Aristoteles'in Adalet Teorisi

Aristoteles'in Adalet Teorisi!

Bütün Yunan siyasi düşüncesi, önemli adalet kavramını etrafında döndürür. Bu soyut bir kavramdır ve farklı düşünürler tarafından farklı görüldüğü için sabit terimlerle tanımlanması zordur. Fakat Aristoteles için adalet iki türdendir, yani, evrensel adalet ve özel adalet. İlki, yasalara itaat etmekten bahsediyor; ki erdemli olmalı.

Belirli bir adalet söz konusu olduğunda, yine iki türden gelir, yani adalet dağıtımı ve iyileştirici ya da düzeltici adalet. Dağıtıcı adalet, devletin, malları ve refahı, haklarına göre vatandaşlar arasında bölmesi veya dağıtması gerektiği anlamına gelir.

Yine iyileştirici adalet, gönüllü işlemlerle (medeni hukuk) ve istemsiz işlemlerle (ceza hukuku) ilgilenen ikiye ayrılır.
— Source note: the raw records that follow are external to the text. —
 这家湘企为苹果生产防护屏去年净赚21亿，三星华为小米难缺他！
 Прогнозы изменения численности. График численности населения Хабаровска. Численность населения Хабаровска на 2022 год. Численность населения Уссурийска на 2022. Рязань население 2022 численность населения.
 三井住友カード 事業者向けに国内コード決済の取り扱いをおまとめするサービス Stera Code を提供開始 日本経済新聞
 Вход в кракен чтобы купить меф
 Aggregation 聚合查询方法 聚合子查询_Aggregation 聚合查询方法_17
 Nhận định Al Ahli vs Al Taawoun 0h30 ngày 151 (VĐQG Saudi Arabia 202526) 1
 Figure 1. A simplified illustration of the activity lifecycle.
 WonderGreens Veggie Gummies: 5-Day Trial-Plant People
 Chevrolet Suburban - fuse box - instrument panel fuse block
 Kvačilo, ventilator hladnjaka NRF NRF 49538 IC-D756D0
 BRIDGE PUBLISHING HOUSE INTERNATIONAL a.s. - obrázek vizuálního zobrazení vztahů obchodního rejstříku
Ayrıca, Aristo, yukarıda belirtilen adalet türlerine ticari ve birikimli adalet kattı.

Dağıtım Adaleti:

Aristoteles, bu adalet biçiminin herhangi bir devrimi önleyen en güçlü yasa olduğu kanısındaydı, çünkü bu adalet, devletlerin vatandaşı olma şartı gereğince ofislerin, onurların, malların ve hizmetlerin uygun ve orantılı tahsisine inanıyor.

Bu adalet çoğunlukla siyasi ayrıcalıklarla ilgilidir. Aristoteles, her siyasi örgütün kendi dağıtım adaletine sahip olması gerektiğini savundu. Bununla birlikte, oligarşik adalet kriterlerinin yanı sıra demokratik ve reddetti ve yalnızca erdemli insanlar az olduğu için ofislerin erdemli olanlara tahsis edilmesine izin verdi. Aristoteles, ofislerin çoğunun yalnızca birkaç kişiye tahsis edilmesi gerektiğine inanıyordu.

Düzeltici Adalet:

Ticari işlemlerle ilgili tüm yasalar iyileştirici ve düzeltici eylemler içinde ele alınmaktadır. Toplumun adaletsizliği nedeniyle bireyin kaybettiği şeyi geri getirmeyi amaçlar. Bu adalet, bir hakkın diğerine tecavüz etmesini önler.

Aristoteles, düzeltici adaletin kiralama, satış ve mobilya güvenliği gibi gönüllü ve ticari faaliyetlerle ilgili olduğunu belirtti. Bu eylemler yaşam, mülkiyet, namus ve özgürlük üzerine saldırganlığı içerir. Kısacası, bu adalet karakterin erdemini ve ahlaki mükemmelliğini hedeflemektedir ve bu nedenle düzeltici adalet olarak adlandırılmaktadır.